Why? ZIP is a practical solution for file archiving, i.e. packing multiple files into one. It keeps directory structures intact, optionally saves space with built-in compression, and allows selective extraction without decompressing everything. This flexibility helped it gain traction even in the UNIX world, despite the dominance of its older, native tar
.
One might assume such a fundamental format would be rigidly governed by a formal standards body like ISO or IETF.
Not quite. Instead, ZIP was the brainchild of Phil Katz and Gary Conway in the late 1980s BBS scene. While most of its rivals like ARC, PAK, and ARJ have faded into obscurity, ZIP thrived because Katz and Conway released its specification into the public domain.

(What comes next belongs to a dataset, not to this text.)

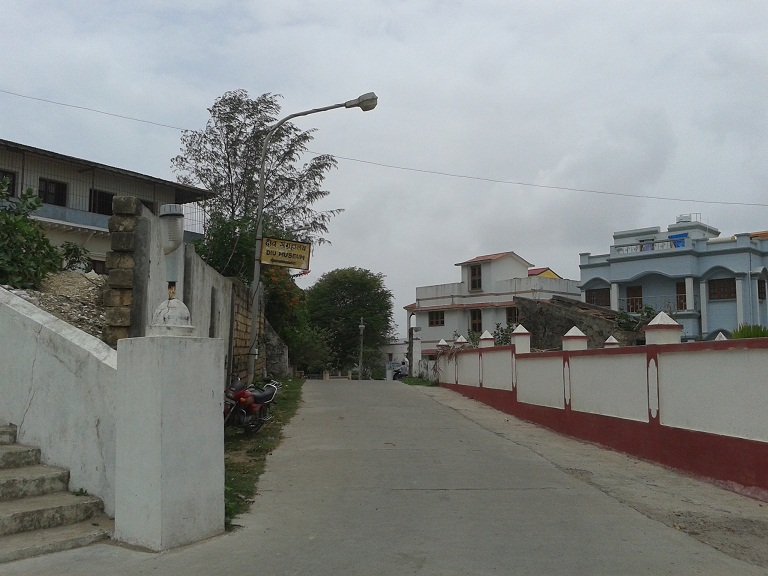 Diu Museum, (St. Thomas Church in Diu - now used as a Museum) by Brijesh Patel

Calling it a “specification” is generous, though – the famous APPNOTE.TXT has always been more of a personal notebook than a rigorous standard. Despite some improvements over the years, it remains fragmentary. While it describes the on-disk data structures in some detail, it offers little guidance on correct usage and implementation. A good deal of the text simply describes obscure variations of the format, many of which have become irrelevant. To this day and long after Phil Katz’s death, PKWARE maintains this same document, and even the ISO/IEC 21320-1:2015 standard merely references it. Secondary sources, like Wikipedia and developer blogs, offer more insight but aren’t always reliable.
ZIP has its share of oddities, some of which are due to its origins in the late 8-bit home computer and early IBM PC world, while others are just questionable design choices. Metadata, like file names and sizes, is stored twice, yet the format isn’t particularly resilient to corruption. There are countless ways to construct ZIP files that are technically valid but still break various tools. “ZIP bombs” exploit this by creating tiny files that decompress into absurdly large ones. Even something as simple as nesting a ZIP within a ZIP can trigger unexpected results due to the way “signatures” mark file boundaries.

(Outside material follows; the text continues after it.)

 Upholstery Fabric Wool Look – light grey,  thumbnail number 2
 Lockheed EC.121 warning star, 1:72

Different ZIP parsers interpret these quirks in their own ways, leading to compatibility headaches. Info-ZIP’s implementation, last updated in 2008 and originally built as an attempt to create a standard implementation without an actual standard, is still a common reference, along with the more recent 7-Zip. Standard libraries in Java, Python, and C# agree on the basics but diverge when handling ZIP’s many extensions. Even the ZIP64 extension – introduced more than 20 years ago to support large archives – isn’t uniformly implemented. It’s fascinating (and slightly unnerving) to browse the code of various open-sourced ZIP implementations and see how differently their authors interpret the format and how they struggle with the many small variations of ZIP files that exist.
And yet, despite all of this, ZIP keeps working. There’s enough overlap between implementations to ensure sufficient usefulness. Developers avoid obscure features, learn from each other’s code, and just work around the format’s warts. Built for a different era, never formally standardized, and quasi-maintained by a loosely connected global community, ZIP persists.
It may not be perfect, but for close to 40 years, it’s been good enough. Few pieces of software can make this claim.